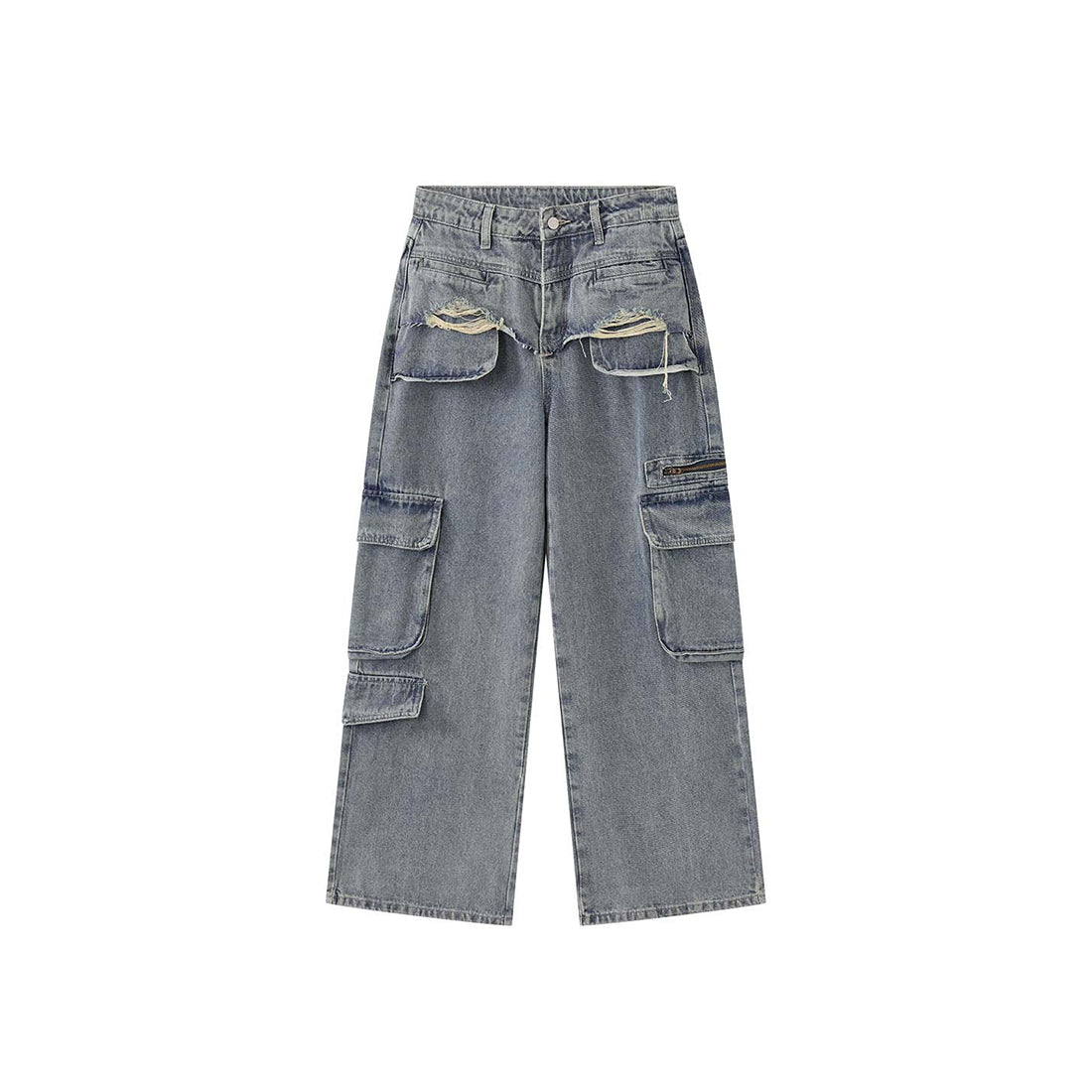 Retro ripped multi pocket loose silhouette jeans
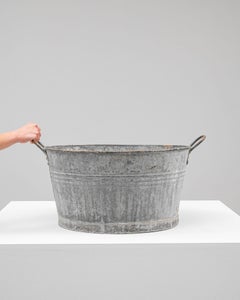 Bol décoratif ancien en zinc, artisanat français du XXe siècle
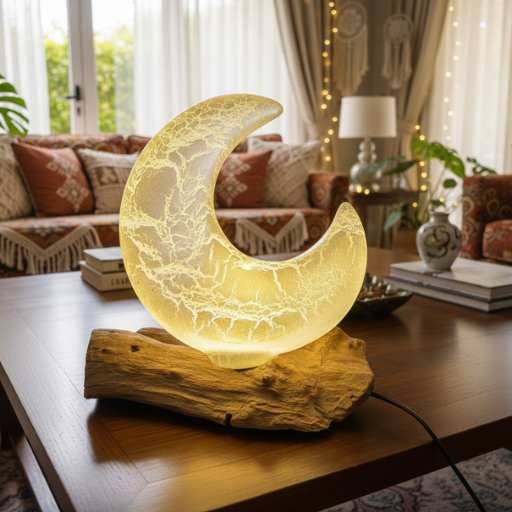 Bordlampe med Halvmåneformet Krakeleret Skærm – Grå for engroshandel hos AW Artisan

* _WORK REQUIRED_
Print the listing exactly, but skip its pictures.

* _RESULT OF THE TASK_
 Retro ripped multi pocket loose silhouette jeans
 Bol décoratif ancien en zinc, artisanat français du XXe siècle
 Bordlampe med Halvmåneformet Krakeleret Skærm – Grå for engroshandel hos AW Artisan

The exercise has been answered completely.